# ALT diesel Fuel Filter



## theonlypheonix (Oct 8, 2015)

Just wondering whether any diesel owners gave consideration to alternative fuel filter 
considering the cost of OEM filter cartridge (about $66.00) and the fact GM claims 
its only 91% efficient at removing water. In comparison the big rigs use filter i.e. Racor 
units which claim 99.9% efficient at removing water and replacement filter cartridge
(2 microns) for about $22.00

Example:
Racor 245R Spin-On Diesel Filter-245R Racor - Star Marine Depot


----------



## Tomko (Jun 1, 2013)

There is an occasional member here who installed a non-GM fuel filter on his firewall. By doing so he invalidated his warranty and then subsequently decided to trade his CTD in to return I think to VW. If I follow the story correctly he then left VW again and bought another CTD and did another fuel filter on the firewall mod. I'm really not sure what he's done since then because he has a practice of making posts and then deleting his messages.


----------



## money_man (Feb 25, 2014)

Got diesel I think is his account.


----------



## boraz (Aug 29, 2013)

we bypassed the racors on every piece of equipment at the mine, and kept the oem filter

they run much better w/o them


----------



## Tomko (Jun 1, 2013)

Boraz - just curious what brand batteries you use in the mine? I've read that Odyssey is preferred by some industrial operators.


----------



## boraz (Aug 29, 2013)

Tomko said:


> Boraz - just curious what brand batteries you use in the mine? I've read that Odyssey is preferred by some industrial operators.

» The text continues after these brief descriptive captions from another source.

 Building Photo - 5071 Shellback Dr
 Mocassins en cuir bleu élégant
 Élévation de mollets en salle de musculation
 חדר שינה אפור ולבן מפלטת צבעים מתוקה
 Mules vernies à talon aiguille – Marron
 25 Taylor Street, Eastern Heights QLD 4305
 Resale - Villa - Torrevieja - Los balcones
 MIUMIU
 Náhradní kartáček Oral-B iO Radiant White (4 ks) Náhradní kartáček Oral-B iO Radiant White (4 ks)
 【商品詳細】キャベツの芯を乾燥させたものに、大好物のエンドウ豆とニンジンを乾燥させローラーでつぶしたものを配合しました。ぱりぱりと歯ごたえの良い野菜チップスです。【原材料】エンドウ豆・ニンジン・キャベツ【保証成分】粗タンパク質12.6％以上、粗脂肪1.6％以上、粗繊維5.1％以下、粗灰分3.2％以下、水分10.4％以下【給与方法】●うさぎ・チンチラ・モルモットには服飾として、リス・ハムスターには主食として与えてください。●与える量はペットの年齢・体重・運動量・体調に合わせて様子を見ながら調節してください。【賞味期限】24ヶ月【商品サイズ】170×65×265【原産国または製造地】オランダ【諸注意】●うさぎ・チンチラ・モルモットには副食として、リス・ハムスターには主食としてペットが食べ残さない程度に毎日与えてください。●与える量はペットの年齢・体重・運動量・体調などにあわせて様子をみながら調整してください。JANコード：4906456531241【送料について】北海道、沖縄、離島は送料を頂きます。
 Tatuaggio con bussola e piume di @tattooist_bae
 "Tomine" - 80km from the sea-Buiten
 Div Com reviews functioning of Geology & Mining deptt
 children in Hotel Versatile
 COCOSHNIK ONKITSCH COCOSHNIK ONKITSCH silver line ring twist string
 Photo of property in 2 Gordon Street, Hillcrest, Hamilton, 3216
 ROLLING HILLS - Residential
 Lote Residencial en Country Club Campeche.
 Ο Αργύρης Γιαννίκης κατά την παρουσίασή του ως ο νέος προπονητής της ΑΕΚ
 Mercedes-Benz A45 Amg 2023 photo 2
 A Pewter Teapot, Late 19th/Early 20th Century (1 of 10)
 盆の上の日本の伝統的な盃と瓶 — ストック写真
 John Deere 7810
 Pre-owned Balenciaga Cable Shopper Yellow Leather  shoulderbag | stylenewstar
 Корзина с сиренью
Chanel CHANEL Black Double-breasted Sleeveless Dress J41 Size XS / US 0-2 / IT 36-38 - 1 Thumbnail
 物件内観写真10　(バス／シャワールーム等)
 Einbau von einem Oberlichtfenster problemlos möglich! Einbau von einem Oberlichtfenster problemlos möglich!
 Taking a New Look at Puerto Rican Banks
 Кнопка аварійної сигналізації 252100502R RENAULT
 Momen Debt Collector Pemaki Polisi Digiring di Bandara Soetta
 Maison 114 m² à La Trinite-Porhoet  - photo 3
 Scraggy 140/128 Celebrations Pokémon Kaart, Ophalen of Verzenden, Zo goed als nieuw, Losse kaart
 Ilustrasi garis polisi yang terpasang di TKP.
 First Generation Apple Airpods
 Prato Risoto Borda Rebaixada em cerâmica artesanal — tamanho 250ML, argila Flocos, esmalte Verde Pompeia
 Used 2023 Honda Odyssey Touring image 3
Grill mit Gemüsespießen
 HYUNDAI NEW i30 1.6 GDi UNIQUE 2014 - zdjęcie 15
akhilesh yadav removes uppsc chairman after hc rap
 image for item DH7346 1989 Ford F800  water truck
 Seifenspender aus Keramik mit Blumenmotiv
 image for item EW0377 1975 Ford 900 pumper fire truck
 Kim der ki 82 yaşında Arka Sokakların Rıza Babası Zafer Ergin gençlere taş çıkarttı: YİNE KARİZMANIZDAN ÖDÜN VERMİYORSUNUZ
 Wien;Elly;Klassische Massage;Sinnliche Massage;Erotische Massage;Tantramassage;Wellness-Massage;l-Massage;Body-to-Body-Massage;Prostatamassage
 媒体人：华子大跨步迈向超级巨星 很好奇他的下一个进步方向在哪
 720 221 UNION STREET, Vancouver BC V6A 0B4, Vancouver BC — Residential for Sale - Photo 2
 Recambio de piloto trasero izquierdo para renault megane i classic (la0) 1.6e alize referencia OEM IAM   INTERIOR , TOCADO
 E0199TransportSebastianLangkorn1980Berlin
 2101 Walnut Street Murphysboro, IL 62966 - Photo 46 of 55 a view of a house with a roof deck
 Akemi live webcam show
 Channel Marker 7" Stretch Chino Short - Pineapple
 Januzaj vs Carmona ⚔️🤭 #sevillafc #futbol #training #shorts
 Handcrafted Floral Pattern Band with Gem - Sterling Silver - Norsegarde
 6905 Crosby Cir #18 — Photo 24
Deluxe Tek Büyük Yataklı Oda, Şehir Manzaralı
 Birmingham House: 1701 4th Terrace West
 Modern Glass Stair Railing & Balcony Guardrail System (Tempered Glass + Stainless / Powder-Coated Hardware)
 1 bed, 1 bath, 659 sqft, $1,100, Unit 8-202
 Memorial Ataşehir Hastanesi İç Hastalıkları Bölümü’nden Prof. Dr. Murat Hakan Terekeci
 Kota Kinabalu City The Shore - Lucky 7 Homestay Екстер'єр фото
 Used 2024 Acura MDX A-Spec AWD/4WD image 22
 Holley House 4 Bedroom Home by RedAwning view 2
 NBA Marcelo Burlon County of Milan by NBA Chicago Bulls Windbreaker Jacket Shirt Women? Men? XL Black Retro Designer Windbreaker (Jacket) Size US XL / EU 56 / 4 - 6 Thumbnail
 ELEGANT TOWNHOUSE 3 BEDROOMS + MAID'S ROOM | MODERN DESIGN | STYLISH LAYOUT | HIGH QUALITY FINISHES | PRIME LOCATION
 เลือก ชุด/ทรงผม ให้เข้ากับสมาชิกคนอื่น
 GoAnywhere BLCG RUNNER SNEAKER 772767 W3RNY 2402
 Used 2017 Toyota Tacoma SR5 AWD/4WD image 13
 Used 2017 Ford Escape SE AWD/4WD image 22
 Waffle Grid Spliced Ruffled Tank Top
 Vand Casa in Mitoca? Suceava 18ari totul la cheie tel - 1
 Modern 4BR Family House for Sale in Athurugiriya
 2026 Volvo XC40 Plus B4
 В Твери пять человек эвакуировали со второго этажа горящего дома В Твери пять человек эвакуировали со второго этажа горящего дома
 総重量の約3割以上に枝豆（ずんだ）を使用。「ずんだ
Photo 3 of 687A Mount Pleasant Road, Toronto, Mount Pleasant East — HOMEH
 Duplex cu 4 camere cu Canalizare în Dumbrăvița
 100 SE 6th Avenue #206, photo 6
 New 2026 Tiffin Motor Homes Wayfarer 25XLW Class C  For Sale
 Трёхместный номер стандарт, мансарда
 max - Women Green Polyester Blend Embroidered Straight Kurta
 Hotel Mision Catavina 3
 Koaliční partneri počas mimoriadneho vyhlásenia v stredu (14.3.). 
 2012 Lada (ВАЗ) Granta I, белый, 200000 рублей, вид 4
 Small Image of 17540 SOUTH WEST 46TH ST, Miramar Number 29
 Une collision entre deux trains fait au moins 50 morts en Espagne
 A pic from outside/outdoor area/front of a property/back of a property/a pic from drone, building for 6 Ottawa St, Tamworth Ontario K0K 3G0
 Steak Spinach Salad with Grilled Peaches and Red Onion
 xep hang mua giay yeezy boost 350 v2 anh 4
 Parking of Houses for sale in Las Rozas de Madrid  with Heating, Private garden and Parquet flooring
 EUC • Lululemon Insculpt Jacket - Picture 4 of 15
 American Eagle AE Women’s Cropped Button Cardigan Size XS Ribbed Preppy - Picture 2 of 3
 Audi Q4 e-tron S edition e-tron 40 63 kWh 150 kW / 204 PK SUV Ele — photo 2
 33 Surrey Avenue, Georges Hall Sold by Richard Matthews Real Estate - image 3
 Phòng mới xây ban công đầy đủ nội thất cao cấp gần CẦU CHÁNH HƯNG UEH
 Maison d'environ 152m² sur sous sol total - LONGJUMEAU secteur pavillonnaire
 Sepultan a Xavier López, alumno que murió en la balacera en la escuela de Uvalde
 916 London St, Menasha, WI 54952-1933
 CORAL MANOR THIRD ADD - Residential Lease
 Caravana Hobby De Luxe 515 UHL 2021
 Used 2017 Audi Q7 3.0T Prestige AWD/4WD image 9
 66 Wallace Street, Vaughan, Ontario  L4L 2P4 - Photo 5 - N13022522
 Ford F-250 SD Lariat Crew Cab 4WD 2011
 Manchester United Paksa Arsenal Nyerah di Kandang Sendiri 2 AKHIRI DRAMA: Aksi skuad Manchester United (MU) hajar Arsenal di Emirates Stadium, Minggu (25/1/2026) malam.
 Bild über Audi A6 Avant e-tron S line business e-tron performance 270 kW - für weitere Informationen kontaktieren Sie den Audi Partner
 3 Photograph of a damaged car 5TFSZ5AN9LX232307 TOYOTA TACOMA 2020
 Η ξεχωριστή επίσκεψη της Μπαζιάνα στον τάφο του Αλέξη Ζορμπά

never heard of those, googled it


for the western stars, they were just generic batteries, the kenworths had optimas... the cat stuff got cat batteries....dunno what the p&h and komatsu and hitachi stuff got, didnt get too involved with those

and now that i think of it, the main issue with the racors was the dyed fuel, the dye plugged up the filter in two days....but there was equipment running clear fuel that the racors were bypassed/removed as well....too restrictive


----------



## theonlypheonix (Oct 8, 2015)

boraz said:


> and now that i think of it, the main issue with the racors was the dyed fuel, the dye plugged up the filter in two days....but there was equipment running clear fuel that the racors were bypassed/removed as well....too restrictive


if the Racors were clogging seems like there's more gunk in the fuel then just dye? Rather have gunk in filter then fuel system, pump and injectors. Had Racor on my 1982 rabbit diesel , filtered better then OEM. Racors were intended for big rigs where as a 2L flows little in comparison, Racor spec's indicate low loss through filter at higher volumes then 2L consumes.


----------